Mercedes started to pick her way across the basement in the direction of the furnace. She had to see it for herself. The stuff was piled much more chaotically down here, and she found herself climbing over things for most of the journey – good thing she was wearing her oldest jeans and worn-out sneakers.
“You don’t have to look at it,” her mother snapped from across the room. “What are you, an HVAC technician?”
“No,” Mercedes grumbled under her breath while her back was to her mother. “But I do have a vested interest in you not setting yourself on fire.” It took her a couple minutes to get to the furnace and then she turned around, snapping at her mother, “There are cardboard boxes stacked all around this thing!”
“Those are the Christmas decorations,” her mother explained, making her way to Mercedes’ corner of the basement. “They go up right after Thanksgiving so they wouldn’t be there when the furnace kicks on.”
“If you don’t mind, I’m not going to take any chances,” Mercedes said, grabbing the nearest box.
“Put that down,” her mother said, climbing more frantically toward her. “You said you weren’t going to move anything today.”
“I wasn’t going to,” Mercedes said. “But this is a ridiculous fire hazard. Your whole damn house is a fire hazard and if you’ve got yourself barricaded in your bedroom like I’m imagining, you’d never get out in time. I’m moving these boxes.”
“Stop,” her mother demanded. “I didn’t give you permission to come in here just to let you ransack my house.”
“I can’t possibly make it any messier than it already is,” Mercedes snapped at her, setting the box down hard on the first flat surface she could find – the washing machine. Nobody’s going to be using that anytime soon, she thought as she grabbed another box.
“I know where all the stuff is,” her mother said. “If you move it, I won’t be able to find it.”
She tried to wrestle the next box out of Mercedes’ hands and Mercedes snatched it away and stacked it on top of the washer, too. She could hear the panic in her mother’s voice, and she knew from all the literature she’d read that this wasn’t the way to handle someone like her. She was making it all worse, but it was either cry, vomit, or focus all of her energy on getting those damn cardboard boxes away from the fucking furnace.
When her mother tried to bar Mercedes from picking up the next box, she shoved her away. Her mother stumbled back a few steps, her heel caught on some piece of junk or another – probably a toy that should have been pitched or donated decades ago – and she sat down hard on the pile.
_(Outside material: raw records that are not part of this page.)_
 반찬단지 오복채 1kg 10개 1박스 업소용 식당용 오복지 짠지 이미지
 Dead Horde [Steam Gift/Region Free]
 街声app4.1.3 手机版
Mercedes and her mother just looked at each other for a long minute, sizing each other up, and then Mercedes turned back to her task and her mother crossed her arms in front of her chest like a pouting toddler, watching her work and making sure she didn’t move a single thing that wasn’t necessary.
It took Mercedes almost half an hour to clear a two-foot space around the furnace. Half of that time was just trying to find places to stack the boxes that wouldn’t cause a cave-in, but she got there eventually, and then she turned back to her mother.
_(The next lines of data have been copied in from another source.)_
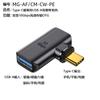 Tipo-c Magnético USB4 Cotovelo PD Carregamento Rápido 140w Suporte Vídeo 8K @ 60hz Função Completa 40GB Adaptador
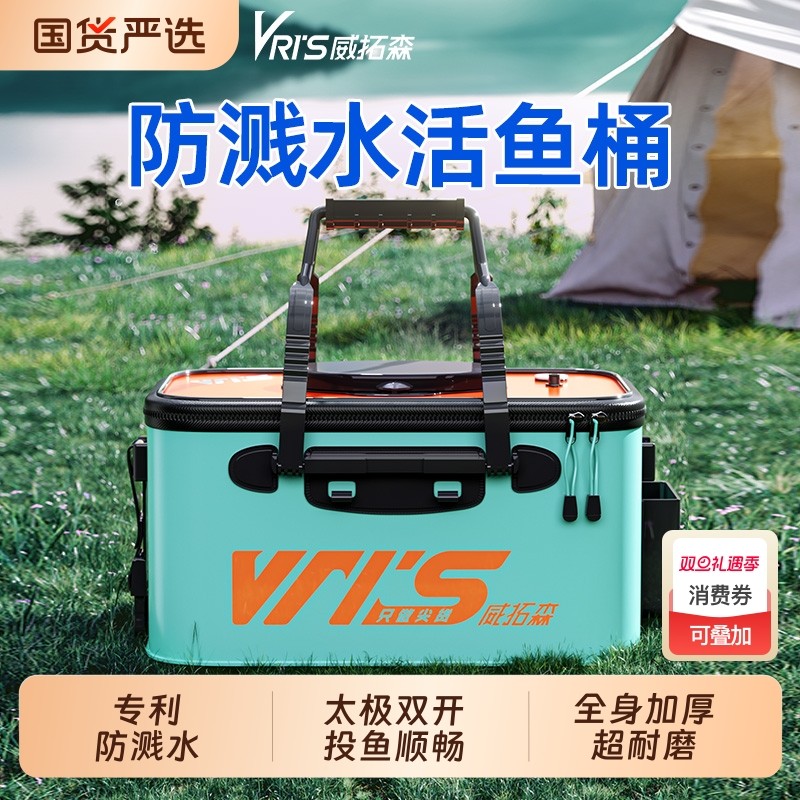 威拓森钓鱼装水活鱼桶路亚折叠防溅水盖专用加厚活鱼箱新型鱼护桶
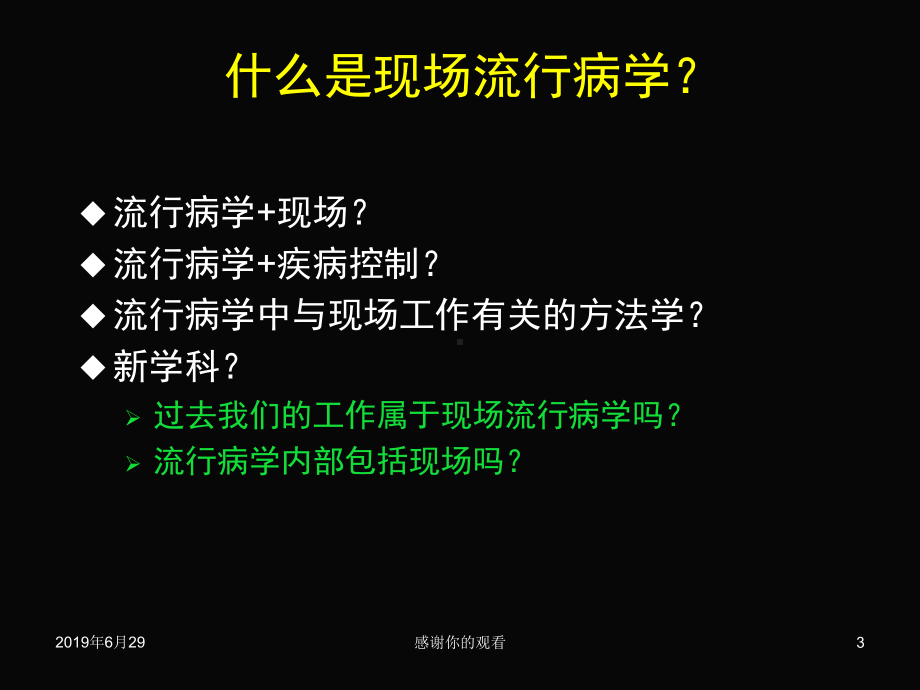 现场流行病学调查思路课件.pptx_第3页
“There,” she said with finality. “Nothing got thrown away – just moved. The furnace is safe now, and I’m not even going to look at the water main today. We’re going to have to clear a path to it before a repairman can come and do something about it, and I don’t have the energy to think about that right now. Do you need anything else from me today?”
“No,” her mother said. Her arms were still crossed in front of her chest and she still sounded like a petulant child.
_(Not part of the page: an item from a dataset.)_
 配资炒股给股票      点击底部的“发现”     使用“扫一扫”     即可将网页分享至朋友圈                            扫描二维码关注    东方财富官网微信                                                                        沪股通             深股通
Mercedes gritted her teeth and brushed past her. “I’ll call you in a couple days and we’ll come up with a game plan.”
She left her mother pouting in the basement and got out of the house as fast as she could. By the time she was finally on the front porch again, she was breathing heavily, leaning more toward the being sick end of things. She had to stop and put her hands on her knees, taking a few long, deep breaths. Fresh air never felt so good filling her lungs and she couldn’t seem to get enough of it.
My mother is mentally ill, and I haven’t been here.
When she could breathe again, she got in her rental car and drove away as fast as she could. Seattle had never felt farther away.